═══ Data under study

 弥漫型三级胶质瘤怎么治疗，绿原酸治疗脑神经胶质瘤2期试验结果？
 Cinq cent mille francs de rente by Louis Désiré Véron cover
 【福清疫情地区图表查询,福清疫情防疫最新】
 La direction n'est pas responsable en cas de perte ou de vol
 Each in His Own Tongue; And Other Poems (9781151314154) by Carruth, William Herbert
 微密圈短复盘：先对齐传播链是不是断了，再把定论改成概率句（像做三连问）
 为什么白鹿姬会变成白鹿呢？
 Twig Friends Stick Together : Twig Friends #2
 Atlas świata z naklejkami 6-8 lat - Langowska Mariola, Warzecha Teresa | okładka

══════

What is expected> What is wanted is the full set of entries above, reproduced exactly.

Task solution>
 弥漫型三级胶质瘤怎么治疗，绿原酸治疗脑神经胶质瘤2期试验结果？
 Cinq cent mille francs de rente by Louis Désiré Véron cover
 【福清疫情地区图表查询,福清疫情防疫最新】
 La direction n'est pas responsable en cas de perte ou de vol
 Each in His Own Tongue; And Other Poems (9781151314154) by Carruth, William Herbert
 微密圈短复盘：先对齐传播链是不是断了，再把定论改成概率句（像做三连问）
 为什么白鹿姬会变成白鹿呢？
 Twig Friends Stick Together : Twig Friends #2
 Atlas świata z naklejkami 6-8 lat - Langowska Mariola, Warzecha Teresa | okładka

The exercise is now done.